Pero el escepticismo no es sólo un principio moral (aunque lo sea fundamentalmente), sino un método de conocimiento del que se ha servido el pensamiento científico moderno. Aplicado a la política no deja de resultar perturbador. Si no existen verdades sólidas en la que apoyarnos, si cabe dudar de todo, los políticos pueden acogerse a contradicciones salvables. «El que indaga» puede convertirse en un aliado de que nada puede probarse y, en consecuencia, nada resulta del todo cierto, precedente de la realidad paralela en la que algunos se han instalado tan cómodamente y dudar hasta de los hechos. Forma parte de una metodología que desemboca en el cinismo. Jordi Gracia acaba de publicar un provocador folleto, que recomiendo muy sinceramente, por su lucidez: «Contra la izquierda. Para seguir siendo de izquierdas en el siglo XXI» (Cuadernos Anagrama). Agrupa a los partidarios de la izquierda no extremada en irónicos, pesimistas, recelosos. Tal vez las últimas líneas del libro puedan sugerir más: «O la izquierda es pragmática, irónica, recelosa y pesimista o seguirá siendo el auxiliar de campo de la derecha real, estable, imperturbable y optimista». Tal vez los calificativos aplicados a la izquierda podrían resultar reversibles y devolverlos a la derecha. Si nos hemos hundido en el profundo pozo del escepticismo, tampoco la llamada derecha tradicional ha renunciado al pragmatismo y hasta lograríamos descubrir sus ejemplos de ironía, recelo, cinismo y hasta pesimismo. Otra cosa sería la habilidad de los partidos en el juego magmático de una realidad tan cambiante y hasta atroz.

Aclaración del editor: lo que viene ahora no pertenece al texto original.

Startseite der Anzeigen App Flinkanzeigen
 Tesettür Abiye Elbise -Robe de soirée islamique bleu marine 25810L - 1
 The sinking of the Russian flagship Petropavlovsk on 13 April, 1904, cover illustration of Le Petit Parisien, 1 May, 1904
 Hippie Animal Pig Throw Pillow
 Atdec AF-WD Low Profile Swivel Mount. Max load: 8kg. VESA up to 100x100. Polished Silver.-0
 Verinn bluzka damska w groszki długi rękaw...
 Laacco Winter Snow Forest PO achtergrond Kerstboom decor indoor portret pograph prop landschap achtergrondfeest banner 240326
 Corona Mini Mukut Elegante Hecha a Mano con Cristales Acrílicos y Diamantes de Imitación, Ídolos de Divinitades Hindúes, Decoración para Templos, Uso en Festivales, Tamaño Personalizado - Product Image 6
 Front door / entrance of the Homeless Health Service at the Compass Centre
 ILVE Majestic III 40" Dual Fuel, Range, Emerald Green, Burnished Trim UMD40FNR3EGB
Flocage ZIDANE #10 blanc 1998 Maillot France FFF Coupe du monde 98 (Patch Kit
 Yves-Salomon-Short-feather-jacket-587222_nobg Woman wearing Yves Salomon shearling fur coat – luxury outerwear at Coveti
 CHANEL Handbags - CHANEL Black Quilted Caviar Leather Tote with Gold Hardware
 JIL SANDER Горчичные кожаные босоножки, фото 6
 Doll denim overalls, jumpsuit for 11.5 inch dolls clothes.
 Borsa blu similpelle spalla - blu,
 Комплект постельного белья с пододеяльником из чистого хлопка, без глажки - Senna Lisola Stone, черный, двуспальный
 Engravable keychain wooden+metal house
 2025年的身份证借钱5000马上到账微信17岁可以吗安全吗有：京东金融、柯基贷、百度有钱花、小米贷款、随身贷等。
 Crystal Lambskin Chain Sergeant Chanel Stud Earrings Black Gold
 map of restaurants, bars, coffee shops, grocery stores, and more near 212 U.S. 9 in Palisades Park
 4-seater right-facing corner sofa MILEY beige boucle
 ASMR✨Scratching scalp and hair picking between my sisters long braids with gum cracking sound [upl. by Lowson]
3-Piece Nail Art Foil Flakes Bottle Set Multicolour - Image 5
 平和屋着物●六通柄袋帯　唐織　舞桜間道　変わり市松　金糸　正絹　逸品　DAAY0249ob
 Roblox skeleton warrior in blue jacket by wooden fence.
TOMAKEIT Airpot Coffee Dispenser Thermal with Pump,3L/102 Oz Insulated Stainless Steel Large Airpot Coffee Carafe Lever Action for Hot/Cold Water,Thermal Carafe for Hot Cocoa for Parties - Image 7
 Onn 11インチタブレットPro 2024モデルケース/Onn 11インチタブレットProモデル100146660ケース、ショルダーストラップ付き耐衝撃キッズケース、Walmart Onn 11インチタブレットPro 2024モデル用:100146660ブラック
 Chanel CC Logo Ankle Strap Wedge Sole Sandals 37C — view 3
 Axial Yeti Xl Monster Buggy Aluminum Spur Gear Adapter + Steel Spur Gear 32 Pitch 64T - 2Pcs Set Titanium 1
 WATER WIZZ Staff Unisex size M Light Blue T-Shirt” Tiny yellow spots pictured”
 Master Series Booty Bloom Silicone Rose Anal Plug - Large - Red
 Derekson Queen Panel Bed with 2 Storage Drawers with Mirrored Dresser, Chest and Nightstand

La socialdemocracia no tiene otro remedio, ni siquiera quienes se sitúan –aseguran– más a su izquierda, que convivir con el perverso capitalismo, siempre considerado como enemigo, aunque carecemos de aquellos iluminados de antaño que imaginaron otras utopías que generaron tragedias. Nuestros pensadores no alcanzan hoy la gigantesca sombra de anteriores siglos. Y ello tal vez suponga para un escéptico casi garantía. Hoy nos reconfortamos con tecnologías que parecen trasladarnos a otras dimensiones sin movernos de donde nos encontramos. La virtualidad es resultado de la vivencia escéptica, imaginar algo que sabemos que no sucede. En teoría, no hemos abandonado la esperanza de aquel progreso socioeconómico indefinido que heredamos, como tantos espejismos, del siglo XIX. En aquellas raíces podremos descubrir buena parte de lo que contemplamos con sorpresa: la falsa ruptura del bipartidismo, el independentismo, el feminismo, la exaltación de la juventud, la crisis de tantos valores. Poco hemos avanzado en cuanto a ideas y parece difícil hacerlo en un contexto al que no prestamos atención, atentos a nuestros ombligos, ajenos a los cambios en China y Asia, a la decadencia de nuestro mentor, los EE.UU., al fallido intento de unificar una Europa menguante, un África irredenta. ¿Podemos ser escépticos?¿Llegaremos a la ataraxia? Sobre la tormenta que nos agita, tal vez convendría utilizar la silla de pensar y hasta la de leer, por ejemplo, el provocativo e iluminador opúsculo de Jordi Gracia.